The Southwest Corridor Plan Steering Committee met Monday Jan. 14 to discuss future transit connections and review approaches to building shared investment strategies that will support, strengthen and connect communities in the Southwest Corridor.
By next summer, the cities, counties and agencies working together on the plan will agree on a package of short- and longer-term investments that will help generate the best outcome for the corridor.
The committee agreed that they need to be strategic when developing an investment package that includes projects for roads, transit, pedestrian and bike facilities, and parks and nature.
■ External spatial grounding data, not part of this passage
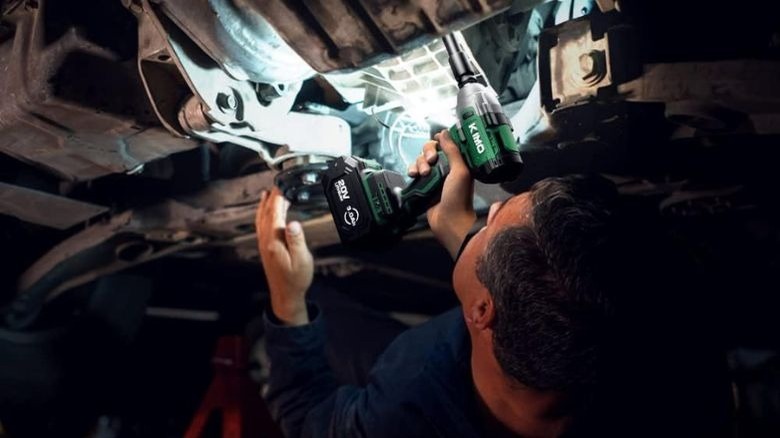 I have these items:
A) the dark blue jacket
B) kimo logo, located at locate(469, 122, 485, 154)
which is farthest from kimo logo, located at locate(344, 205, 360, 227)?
the dark blue jacket

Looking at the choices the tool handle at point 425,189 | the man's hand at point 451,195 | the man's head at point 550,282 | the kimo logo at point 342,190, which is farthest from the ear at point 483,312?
the kimo logo at point 342,190

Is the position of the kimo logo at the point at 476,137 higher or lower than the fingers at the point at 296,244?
higher

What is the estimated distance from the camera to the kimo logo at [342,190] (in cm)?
101

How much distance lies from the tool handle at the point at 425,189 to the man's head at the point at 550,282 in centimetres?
16

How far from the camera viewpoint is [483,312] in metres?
1.08

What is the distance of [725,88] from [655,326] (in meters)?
0.39

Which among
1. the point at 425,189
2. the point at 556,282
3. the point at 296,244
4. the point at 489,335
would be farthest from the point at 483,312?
the point at 296,244

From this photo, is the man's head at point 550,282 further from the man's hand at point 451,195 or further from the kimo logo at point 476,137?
the kimo logo at point 476,137

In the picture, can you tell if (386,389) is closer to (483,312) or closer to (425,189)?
(483,312)

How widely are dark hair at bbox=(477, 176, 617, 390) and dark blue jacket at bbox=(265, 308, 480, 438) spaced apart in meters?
0.22

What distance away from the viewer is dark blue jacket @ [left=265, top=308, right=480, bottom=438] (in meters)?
1.20

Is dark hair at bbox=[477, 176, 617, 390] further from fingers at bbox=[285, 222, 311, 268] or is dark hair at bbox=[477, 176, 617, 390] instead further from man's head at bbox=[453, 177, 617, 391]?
fingers at bbox=[285, 222, 311, 268]

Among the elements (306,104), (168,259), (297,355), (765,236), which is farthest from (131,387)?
(765,236)

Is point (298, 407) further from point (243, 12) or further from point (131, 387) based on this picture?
point (131, 387) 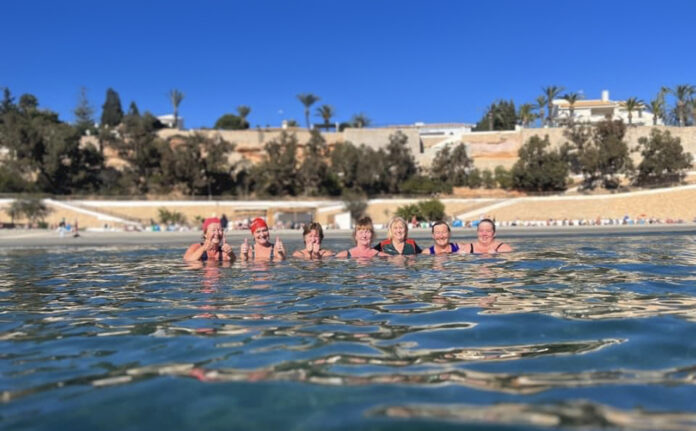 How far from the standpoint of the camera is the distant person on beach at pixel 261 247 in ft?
29.8

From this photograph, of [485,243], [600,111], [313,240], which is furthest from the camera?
[600,111]

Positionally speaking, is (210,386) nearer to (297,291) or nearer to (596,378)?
(596,378)

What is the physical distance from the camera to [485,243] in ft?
32.3

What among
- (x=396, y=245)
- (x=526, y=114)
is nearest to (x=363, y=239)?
(x=396, y=245)

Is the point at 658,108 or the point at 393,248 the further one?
the point at 658,108

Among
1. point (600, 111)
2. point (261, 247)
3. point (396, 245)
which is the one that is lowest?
point (396, 245)

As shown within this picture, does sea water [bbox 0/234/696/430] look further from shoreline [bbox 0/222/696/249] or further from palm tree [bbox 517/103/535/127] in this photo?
palm tree [bbox 517/103/535/127]

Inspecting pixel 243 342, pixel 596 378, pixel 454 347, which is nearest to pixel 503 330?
pixel 454 347

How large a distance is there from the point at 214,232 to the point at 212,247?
49 cm

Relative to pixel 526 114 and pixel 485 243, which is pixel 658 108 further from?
pixel 485 243

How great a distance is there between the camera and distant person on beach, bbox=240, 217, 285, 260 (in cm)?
908

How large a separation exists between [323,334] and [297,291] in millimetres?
2249

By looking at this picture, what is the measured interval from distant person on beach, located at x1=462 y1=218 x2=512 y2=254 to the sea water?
2.69 m

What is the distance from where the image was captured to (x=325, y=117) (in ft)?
248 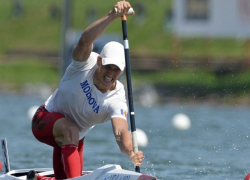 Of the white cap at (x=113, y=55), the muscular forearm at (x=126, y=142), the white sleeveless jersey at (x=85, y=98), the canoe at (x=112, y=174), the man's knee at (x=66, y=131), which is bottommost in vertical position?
the canoe at (x=112, y=174)

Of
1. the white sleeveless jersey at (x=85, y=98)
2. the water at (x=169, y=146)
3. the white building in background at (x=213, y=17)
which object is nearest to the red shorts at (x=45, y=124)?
the white sleeveless jersey at (x=85, y=98)

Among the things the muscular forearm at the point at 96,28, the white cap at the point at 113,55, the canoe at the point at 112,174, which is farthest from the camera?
the white cap at the point at 113,55

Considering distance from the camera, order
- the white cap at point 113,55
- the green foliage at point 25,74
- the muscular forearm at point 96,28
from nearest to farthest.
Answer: the muscular forearm at point 96,28 → the white cap at point 113,55 → the green foliage at point 25,74

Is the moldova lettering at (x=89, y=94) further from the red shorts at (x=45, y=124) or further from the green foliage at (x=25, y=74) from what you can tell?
the green foliage at (x=25, y=74)

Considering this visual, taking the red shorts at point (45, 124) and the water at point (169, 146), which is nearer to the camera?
the red shorts at point (45, 124)

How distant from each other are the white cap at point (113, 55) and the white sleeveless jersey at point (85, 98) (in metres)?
0.21

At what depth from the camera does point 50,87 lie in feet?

The focus will be to prioritize projects that support a corridor-wide vision.
Neil McFarlane, TriMet general manager, suggested that the committee approach the shared strategies "as a series of transactions where we as a region are investing in something that we see as valuable."
The committee also discussed potential high capacity transit (bus rapid transit or light rail) general alignments within the corridor in order to consider which modes and connections to move forward in the evaluation process.
Members highlighted the importance of improving local bus service and finding ways to connect the corridor multi-modally.
"Localized projects can be really profound, particularly when jurisdictions are struggling over large-scale projects," emphasized Jason Tell of Oregon Department of Transportation, Region 1 Manager. These include lower cost projects such as adding sidewalks and improving walking and biking connections. Metro Councilor Craig Dirksen agreed that, "there is lots of opportunity in the near term."
The committee will meet again on Feb. 11 to consider shared investment strategies that will advance to evaluation and public review.